À l’époque de George Bush père, l’URSS s’est écroulée et a vécu dix années d’anarchie et de dépeçage par les oligarques avant que Vladimir Poutine, à partir de 2000, ne commence à redresser la fédération. Au lieu de se focaliser sur la "finance", une préoccupation constante des dirigeants occidentaux, il a privilégié l'exploitation des immenses ressources en matières premières de ce pays-continent, ainsi que le développement de l’industrie (nucléaire, armement, infrastructure, BTP). Cela se reflète sur le champ de bataille ukrainien où la Russie tient tête aux forces de l’OTAN réunies.
L’industrie, dans l’économie, c’est le principe de réalité (comme l’or dans la monnaie). À un moment donné, il faut du concret ; la finance, le numérique et les services ne peuvent pas suffire à développer un pays. Après un flash krach de -50% lors du déclenchement des hostilités le 24 février 2022 et l’annonce d’un important programme de sanctions, le rouble s’est rétabli et a retrouvé son niveau d’avant-guerre. Non pas grâce à un secteur financier performant, mais parce qu’il s’appuie sur une économie solide qui a su rapidement se réorienter vers les BRICS à mesure que les échanges avec l’Occident se repliaient.
L’avenir pourrait encore donner d’amères leçons à ceux qui pensaient que l’économie russe allait s’effondrer (Bruno Le Maire) ou être dévastée (Janet Yellen). Donnons ces chiffres révélateurs : "La Russie produit 450.000 ingénieurs par an avec ses 145 millions d’habitants tandis que les États-Unis produisent eux 250.000 ingénieurs par an avec 320 millions d’habitants [deux fois moins avec pourtant le double de population], et la France 40.000 ingénieurs par an avec 69 millions d’habitants." La France produit ainsi dix fois moins d’ingénieurs que la Russie alors qu’elle a la moitié de sa population, ce qui veut dire qu’à population égale, elle produit cinq fois moins d’ingénieurs. La réindustrialisation s’annonce compliquée…

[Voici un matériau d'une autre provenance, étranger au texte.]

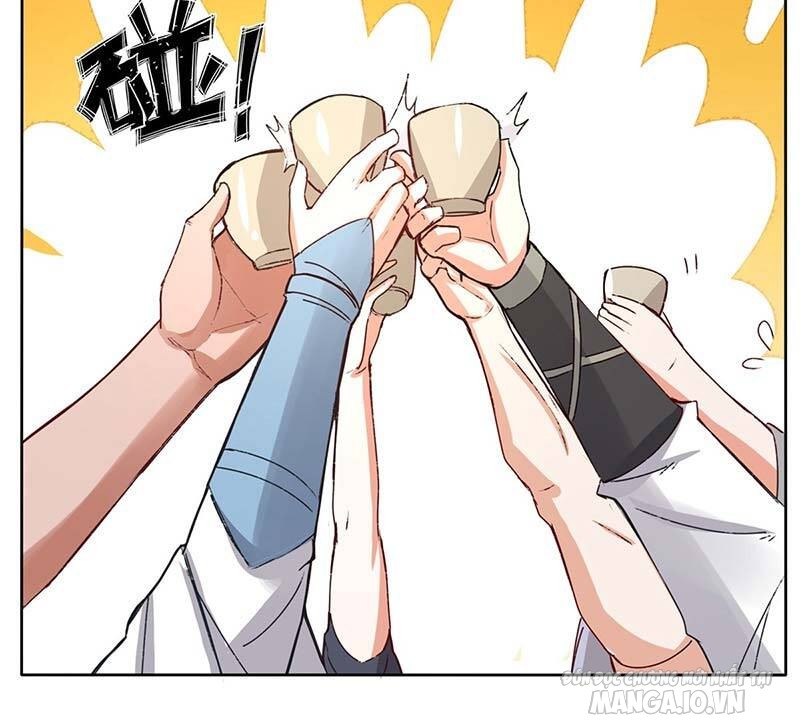 Thôn Phệ Vô Hạn Chapter 34 - Trang 2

Enfin, les sanctions contraignent la Russie à atteindre la souveraineté dans des domaines où elle se limitait autrefois à l'importation, tels que l'aviation civile. Elle envisage de créer un concurrent d’Airbus et Boeing, qui pourrait un jour leur tailler des croupières à l’exportation. La Russie, bientôt un tigre industriel ? Voici un enseignement à retenir de la guerre fratricide qui se déroule en Ukraine. "C’est l'industrie qui compte, idiot" et il faut rapidement réagir.